L’indivisaire peut, comme dans le cadre de la présente affaire, demander à être autorisé à passer la vente en excipant du péril que le refus du coïndivisaire d’y consentir fait courir à l’intérêt commun. Il lui appartient alors de saisir le « juge » (C. civ., art. 815-5) ; ce terme désigne assurément le tribunal judiciaire, mais il ne devrait pas interdire de saisir le juge des référés afin d’obtenir l’autorisation, encore que certaines juridictions semblent réticentes à l’admettre (pour la compétence du juge des référés, Nîmes, 2e ch. civ., sect. B, 10 mai 2021, n° 20/01016 ; Grenoble, ch. aff. fam., 17 nov. 2015, n° 15/4331. Contre, Amiens, 1re ch., 30 oct. 2003, n° 02/00112). En tout état de cause, si l’indivisaire saisit le tribunal judiciaire, l’urgence pourrait justifier qu’il soit autorisé à assigner son adversaire à jour fixe (C. pr. civ., art. 840).

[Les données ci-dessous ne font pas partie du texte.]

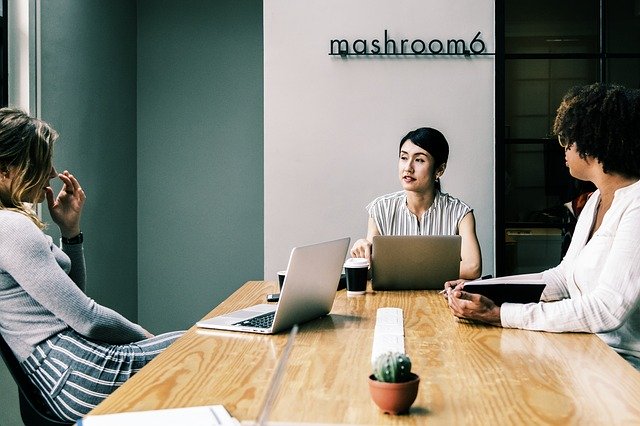 sikap micromanage bisa menjadi penyebab demotivasi pada karyawan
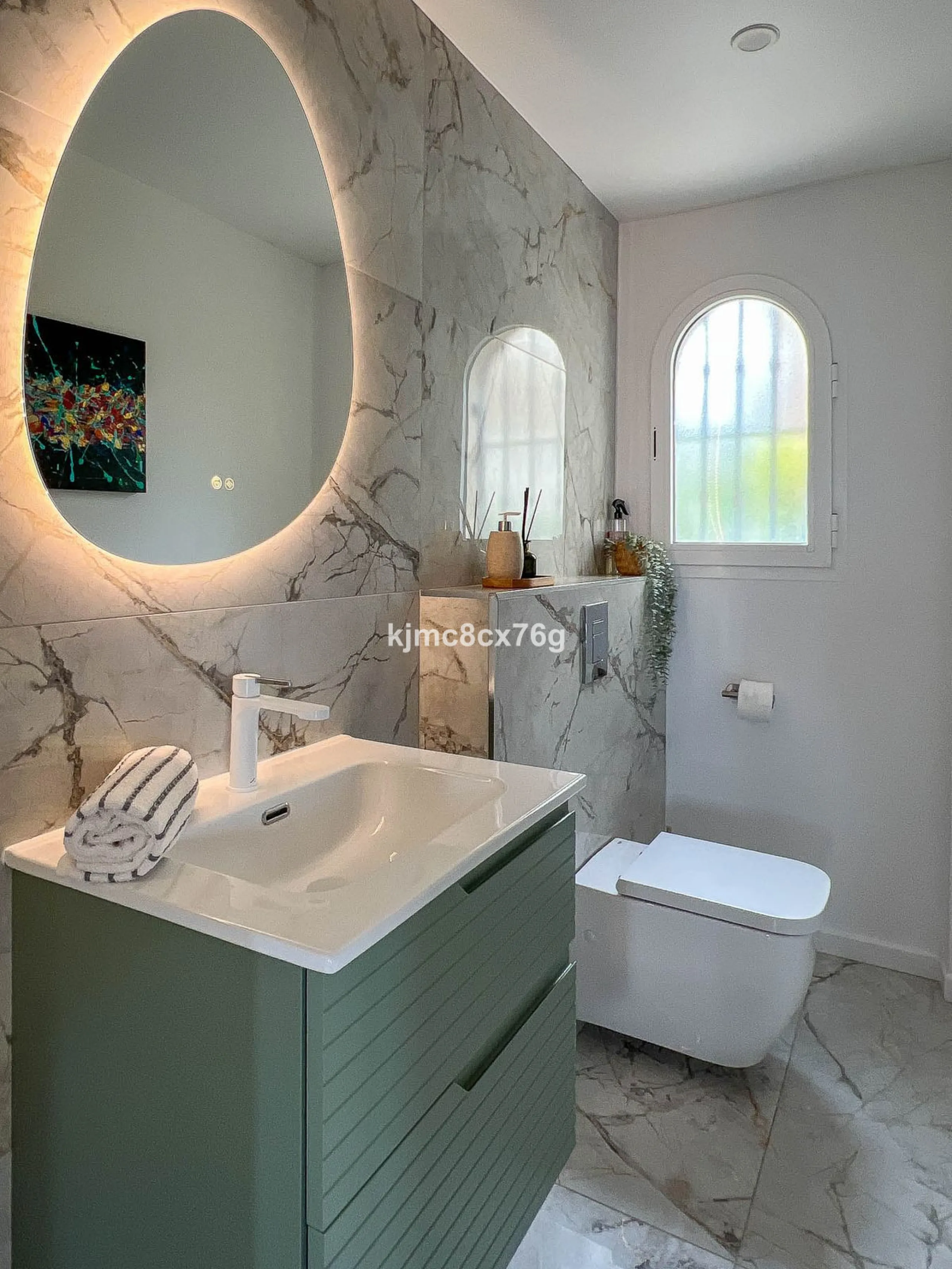 FOR SALE – STUNNING LUXURY VILLA IN THE UPPER PART OF RIVIERA DEL SOL Set within an exclusive gated community of just 25 properties, this spectacular detached villa has been recently renovated to the highest standards and tastefully decorated throughout.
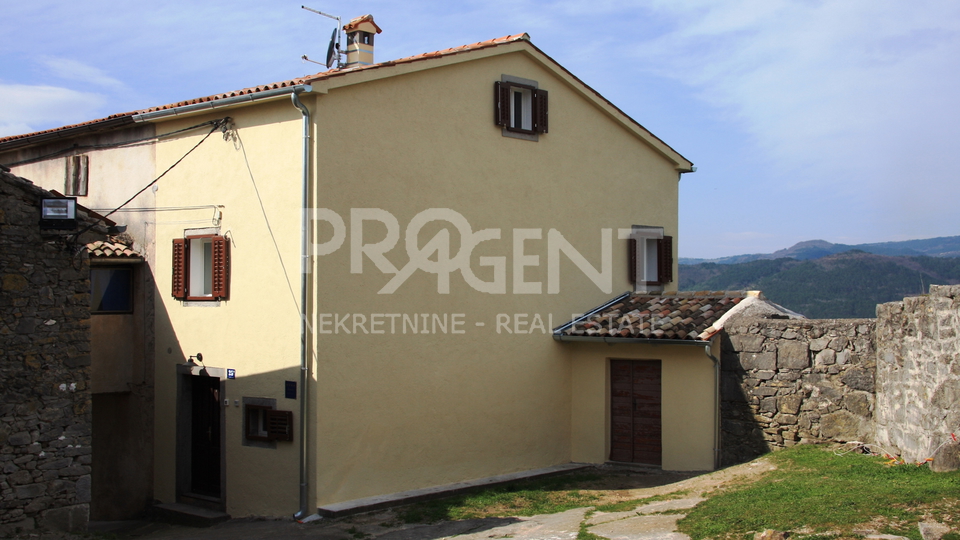 ISTRIA, BUZET, DECORATED STONE HOUSE, FOR SALE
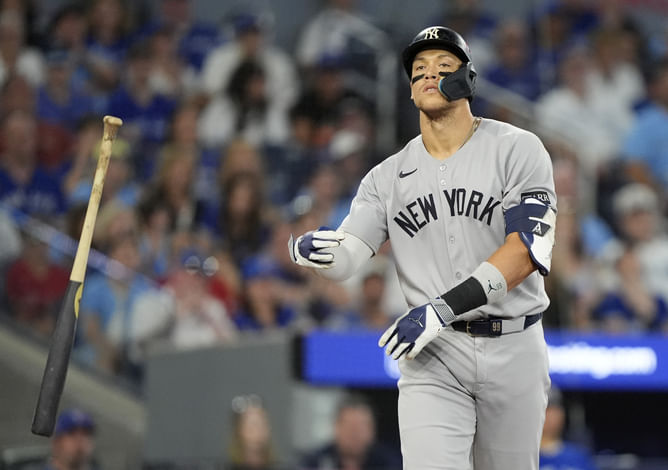 “Aaron Judge's not used to so much running outside” - Fans clown Yankees’ No. 99 after horrendous error leads to 13-7 Game 2 loss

L’indivisaire peut également tenter de mobiliser l’article 815-6 du code civil qui prévoit que le « président du tribunal judiciaire peut prescrire ou autoriser toutes les mesures urgentes que requiert l’intérêt commun » ; sur le fondement de ce texte, le président du tribunal judiciaire peut autoriser un indivisaire à conclure seul un acte de vente portant sur un bien indivis (Civ. 1re, 4 déc. 2013, n° 12-20.158 P, D. 2013. 2914 ; AJ fam. 2014. 120, obs. N. Levillain ). Toutefois, il demeure une incertitude sur la procédure qui doit être suivie. La Cour de cassation jugeait en effet que le président du tribunal judiciaire devait statuer sur une telle demande en la forme des référés, quand bien même cette dernière procédure n’était-elle prévue par aucun texte (Civ. 1re, 15 févr. 2012, n° 10-21.457 P, D. 2012. 553 ; 20 mai 2009, n° 07-21.679 et 08-10.413 P, D. 2009. 1536 ; ibid. 2058, chron. P. Chauvin, N. Auroy et C. Creton ).

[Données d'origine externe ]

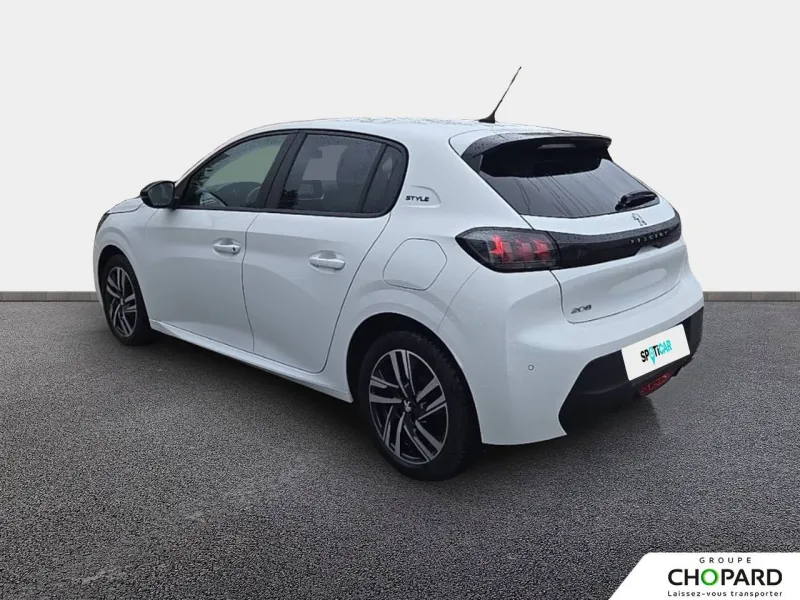 Image secondaire du véhicule 8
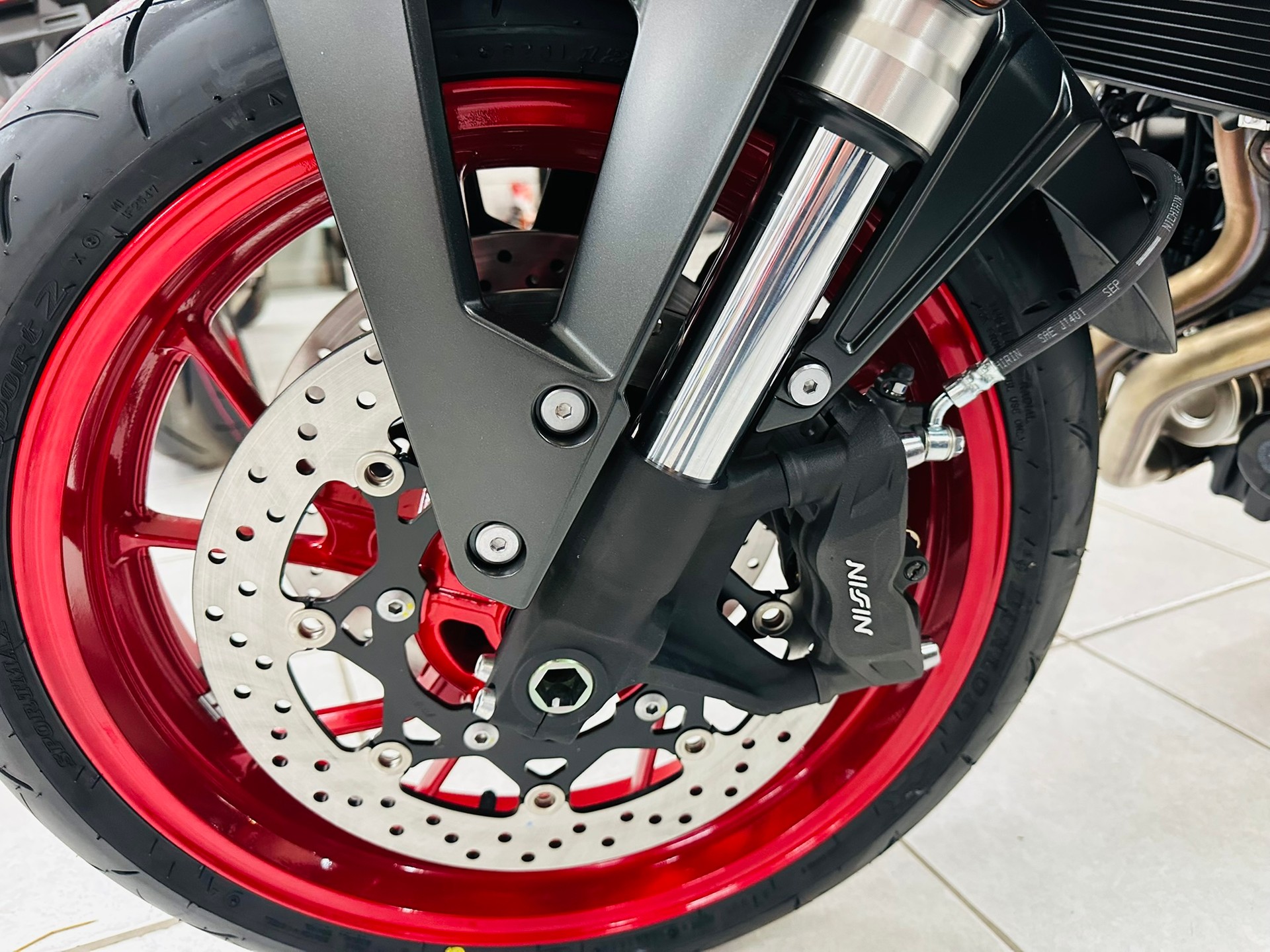 SUZUKI GSX 8 S (35kW)-image-6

Mais, au 1er janvier 2020, la procédure accélérée au fond s’est substituée à la procédure de référé en la forme et l’article L. 213-2 du code de l’organisation judiciaire prévoit que la procédure accélérée au fond ne peut être empruntée que lorsque la loi ou le règlement le prévoit. Cela rend incertain l’application de la procédure accélérée au fond lorsque le président du tribunal judiciaire est saisi sur le fondement de l’article 815-6 du code civil (Y. Strickler, De la forme des référés à la procédure accélérée au fond, JCP 2019. 928, spéc. n° 6).